Bay Bread continues to be a family-owned company and still has a family feel, in spite of the fact that it employs 500 people. Wholesale is still a significant part of the gross income. In Lafayette, Trader Joe's carries the "Pain Pascal," and Diablo Foods the "La Boulange Brioche."
The first attempt at retail was at farmers' markets. In Palo Alto in the early nineties, the long queue in front of the Bay Bread booth became a permanent feature of the market. Urban legend has it that many couples were formed by people waiting to get their walnut bread or their chocolate croissant and that Bay Bread was at the root of many peninsula marriages. What made its success then, is what continues to make it today.
"We are baking some of the most authentic French breads and pastries of the Bay Area," says Lefort, "we work according to the specifications given by Pascal, who supervises the daily production, and we continue to use the same Utah Mill that has been providing us for years with organic flour. Some of the flour mixes have been made for our needs, as close to what Pascal would use in France; we try hard to be an authentic and rustic French bakery, not extremely sophisticated, more from the countryside, and we use no additives, everything is made from scratch every day."
The concept for the La Boulange that's opening across from Yankee Pier is a 7:00 a.m. to 7:00 p.m., seven days a week store where pastries, breads, brunch and lunch items are sold, along with coffees and teas. Everything comes daily from one of the company's two production units. Each Boulange is managed locally and partners with the neighborhood, just like a village bakery would be part of the close network of merchants and customers. "Nathan Figone will be in charge of the Lafayette Boulange; he was managing our Novato store but lives in the East Bay, it's a better choice to have someone local and experienced," says Lefort, adding, "We are about integrating into the community. The Lafayette Boulange will have its own vibe and will bring a little piece of France to the neighborhood."

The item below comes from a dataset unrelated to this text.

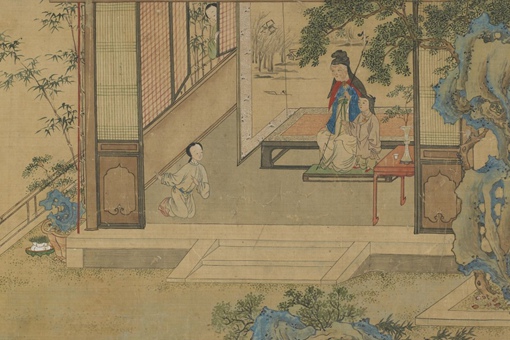 汉宫春晓图作者是谁?揭秘汉宫春晓图是谁的作品 汉宫春晓图作者是谁?揭秘汉宫春晓图是谁的作品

One of the new manager's tasks will be to train his staff. "We're very adamant that our staff has to deliver a real hospitality service, and we train them with that purpose," says Lefort, "friendliness is the key to a successful place like this one. We focus on the whole guest experience, including a warm and welcoming decor."
The fact that Lafayette Boulange is the 13th of the group is a good omen to Lefort. "Our store is located by a beautiful old French fountain that was imported by the architect of the Mercantile - we couldn't have chosen a more appropriate spot."